EXERCISE: Every line of the data below is to be duplicated exactly, pictures excepted.
--- --- ---
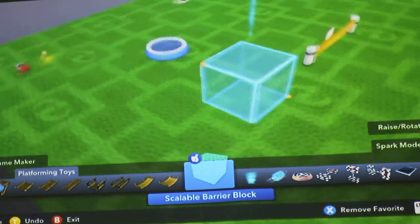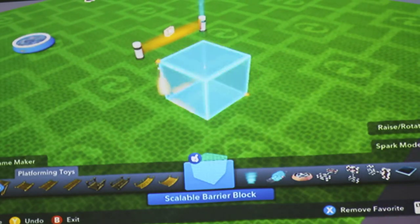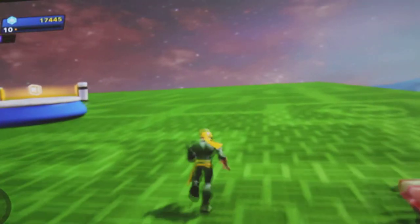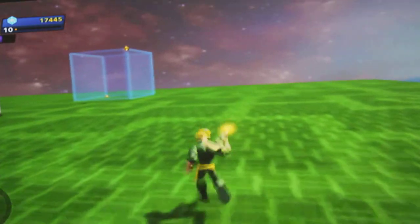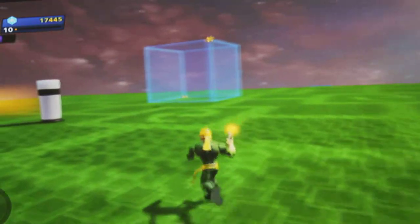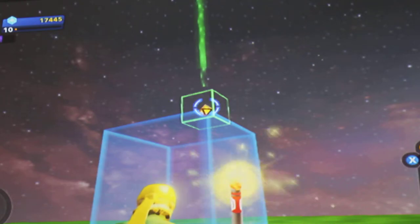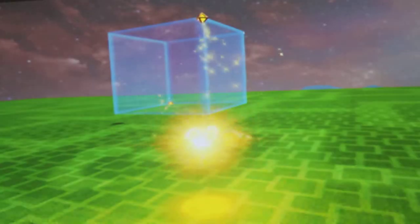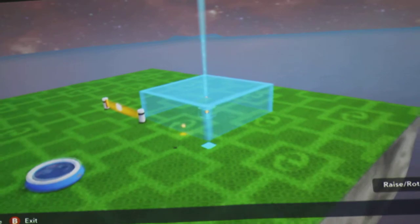It's the same for trigger areas and scalable blocks. You just place a scalable block down or a trigger area, then select your wand. You see those triangles up there? You want to select them. Just press A to move them and move the triangle to wherever you want.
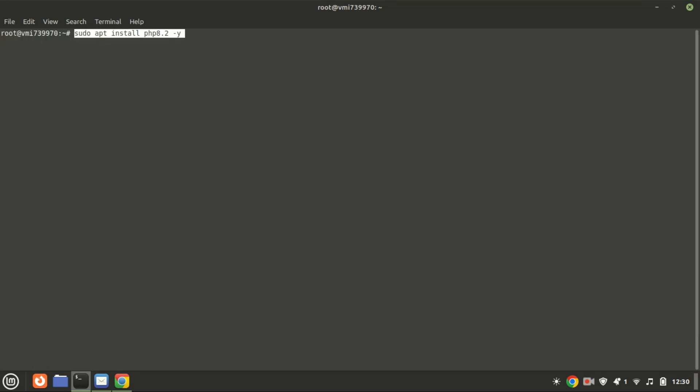To install PHP 8.2 run this command. If you want to install PHP 8.3 just replace the 2 with 3. The command installs PHP 8.2 and other PHP extensions.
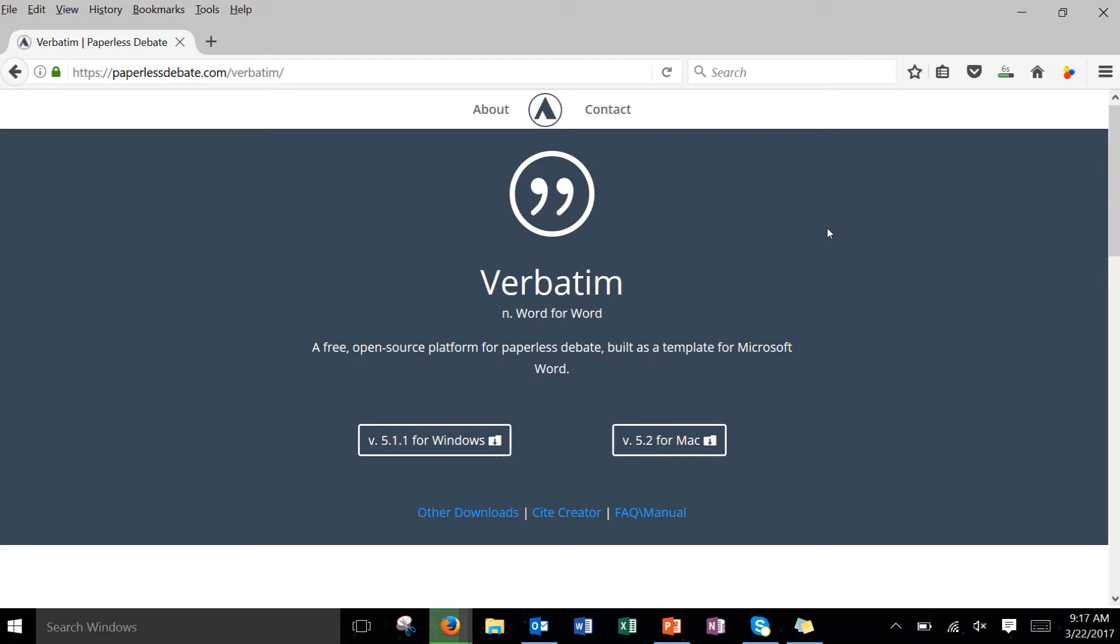So the really cool part about this Verbatim add-on is that it will go right into Microsoft Word and it will integrate seamlessly just like it was another tab or ribbon inside of the program.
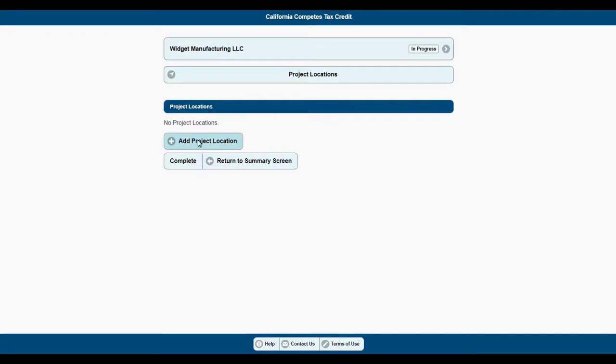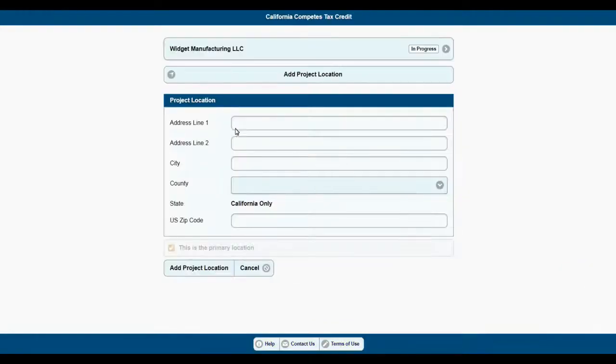Let's add a location. Enter in the address, city, and zip code of your project.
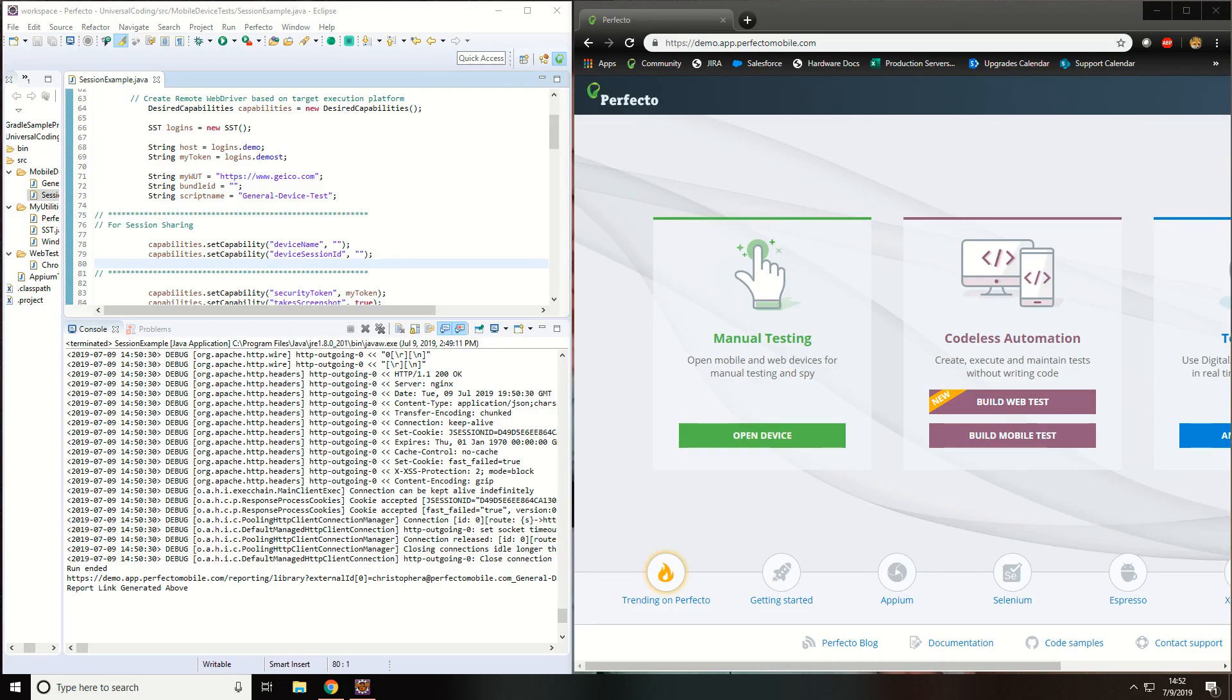For the purpose of this demo, I am using Eclipse as my IDE on the left and Chrome as my desktop browser on the right.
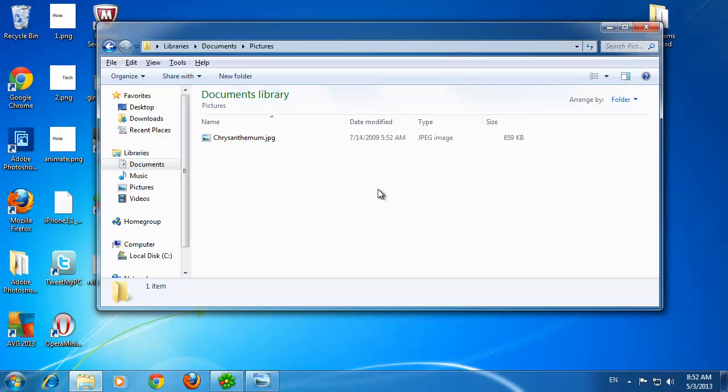An absolute path details where a file is stored on your computer in your specific file structure.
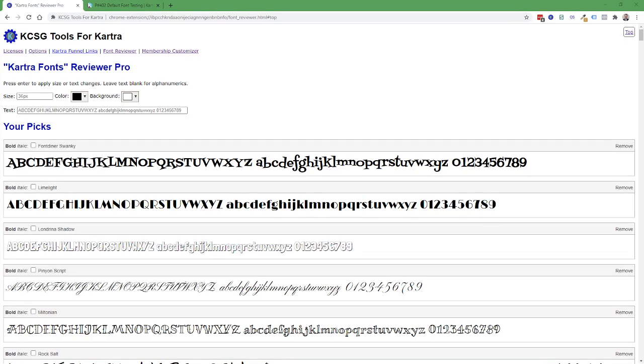Hi, this is Brian Katzen with kpowertools.com. Today I'm giving a brief demonstration of the default fonts feature of KCSG Tools for Kartra.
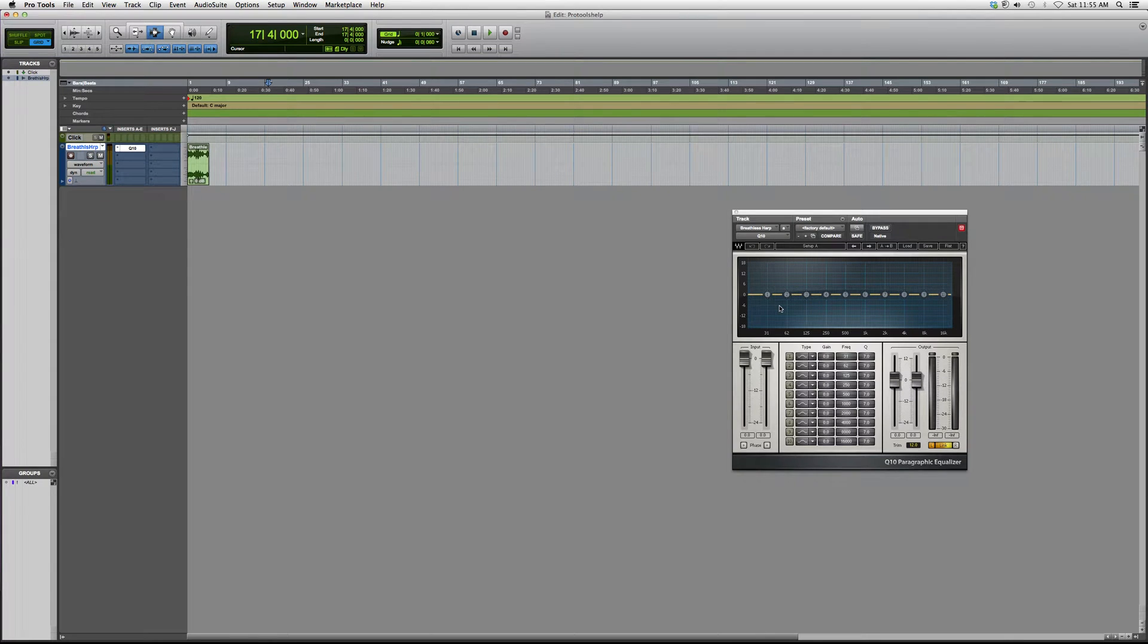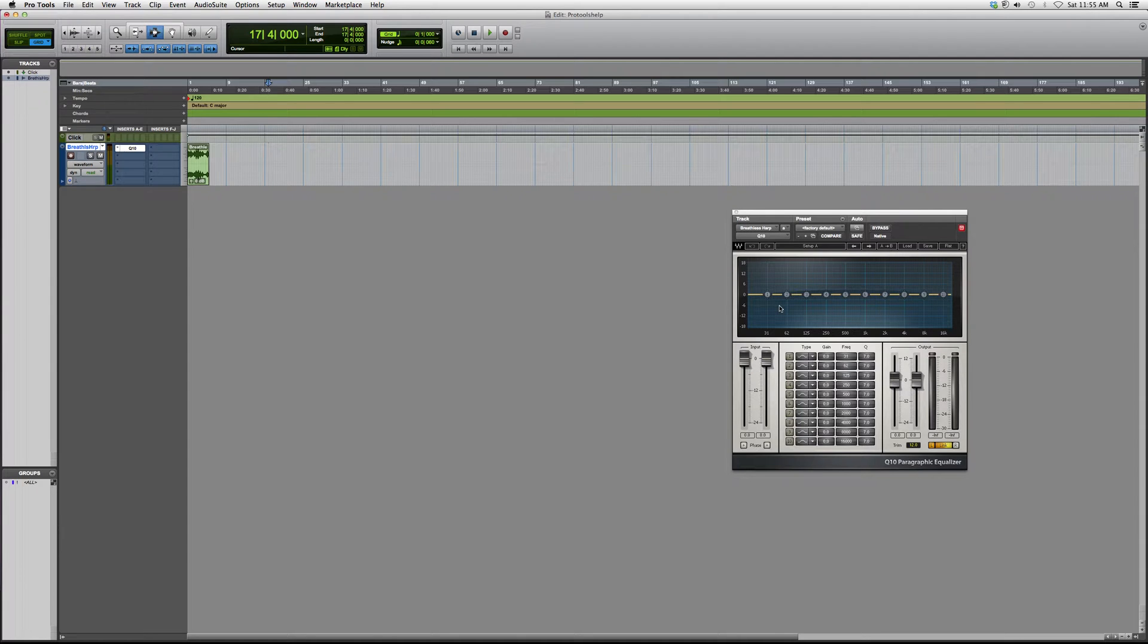This is basically like all the other Q equalizers, but this one's the ultimate one. This one gives you 10 knobs that you can sweep around the frequency spectrum with. This is a great equalizer. It really works and really cleans up the vocals or instrument or whatever audio that you need.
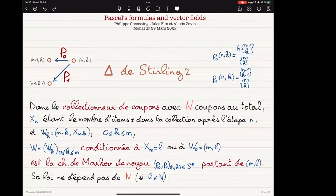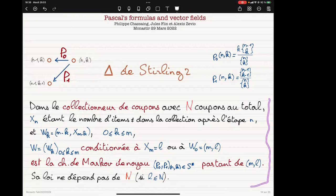If there are no questions — I'll take questions at any time — let's do the same with the Stirling numbers of type two. Is there a probabilistic interpretation? It's written here but in French, so we'll translate if needed. You use the same trick as before, but the random walk here is the natural random walk in the coupon collector problem.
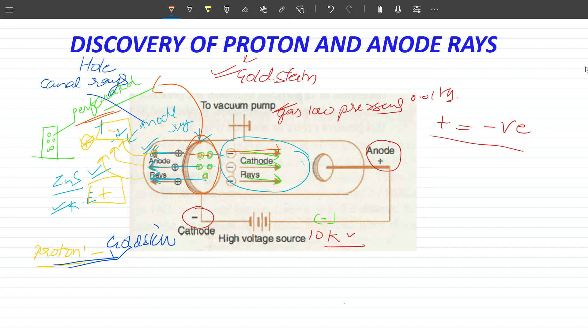So in chronological order: first the electron, then the proton, then the plum pudding model, then Rutherford's experiment. I hope you understand. Have a good day.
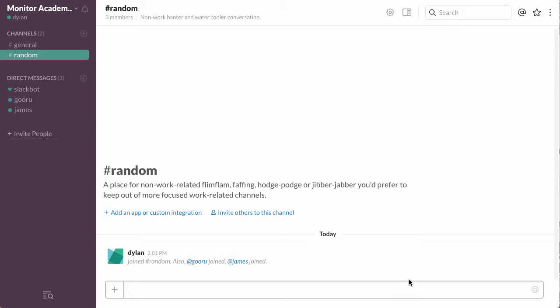So the way this poll works is people vote using emojis. So for instance, if I wanted to see what people wanted for lunch, I could say,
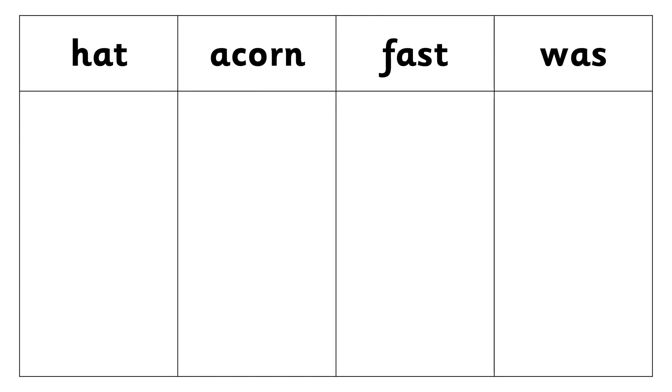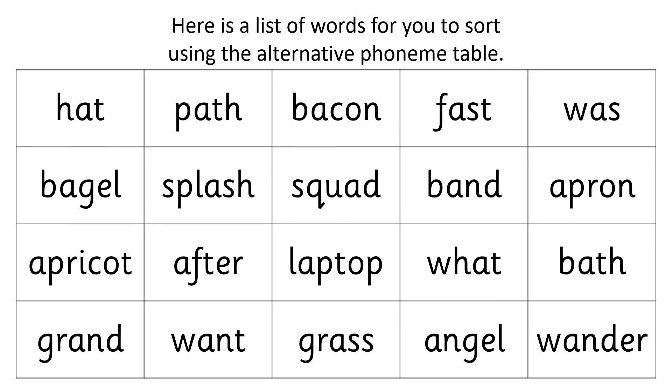You can draw this table or write those words out ready for you to sort the words. Here is a list of words for you to sort out into that alternative phonemes table. Pause the video and try that now. Good luck. See you soon.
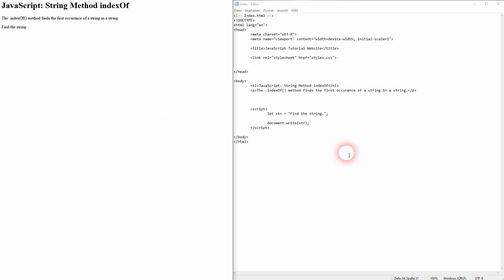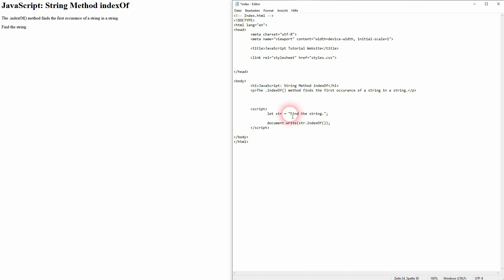And now I add the dot indexOf method, regular parenthesis, and inside of the parenthesis you define what you want to find. Let me for example use the letter I. You have to add it in quotation marks because it's a string that we want to find inside of the str string.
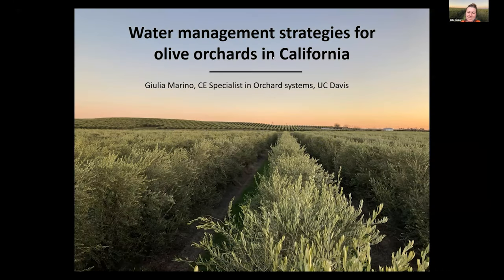Good morning, everyone. My name is Julia Marino. As Cindy mentioned, I'm an extension specialist in orchard systems. I work with multiple aspects of orchard systems, including irrigation, and today we're going to speak about irrigation in olive orchard systems.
--- --- ---
ANSWER SECTION:
It's the same for trigger areas and scalable blocks. You just place a scalable block down or a trigger area, then select your wand. You see those triangles up there? You want to select them. Just press A to move them and move the triangle to wherever you want.
To install PHP 8.2 run this command. If you want to install PHP 8.3 just replace the 2 with 3. The command installs PHP 8.2 and other PHP extensions.
So the really cool part about this Verbatim add-on is that it will go right into Microsoft Word and it will integrate seamlessly just like it was another tab or ribbon inside of the program.
Let's add a location. Enter in the address, city, and zip code of your project.
For the purpose of this demo, I am using Eclipse as my IDE on the left and Chrome as my desktop browser on the right.
An absolute path details where a file is stored on your computer in your specific file structure.
Hi, this is Brian Katzen with kpowertools.com. Today I'm giving a brief demonstration of the default fonts feature of KCSG Tools for Kartra.
This is basically like all the other Q equalizers, but this one's the ultimate one. This one gives you 10 knobs that you can sweep around the frequency spectrum with. This is a great equalizer. It really works and really cleans up the vocals or instrument or whatever audio that you need.
If there are no questions — I'll take questions at any time — let's do the same with the Stirling numbers of type two. Is there a probabilistic interpretation? It's written here but in French, so we'll translate if needed. You use the same trick as before, but the random walk here is the natural random walk in the coupon collector problem.
So in chronological order: first the electron, then the proton, then the plum pudding model, then Rutherford's experiment. I hope you understand. Have a good day.
So the way this poll works is people vote using emojis. So for instance, if I wanted to see what people wanted for lunch, I could say,
You can draw this table or write those words out ready for you to sort the words. Here is a list of words for you to sort out into that alternative phonemes table. Pause the video and try that now. Good luck. See you soon.
And now I add the dot indexOf method, regular parenthesis, and inside of the parenthesis you define what you want to find. Let me for example use the letter I. You have to add it in quotation marks because it's a string that we want to find inside of the str string.
Good morning, everyone. My name is Julia Marino. As Cindy mentioned, I'm an extension specialist in orchard systems. I work with multiple aspects of orchard systems, including irrigation, and today we're going to speak about irrigation in olive orchard systems.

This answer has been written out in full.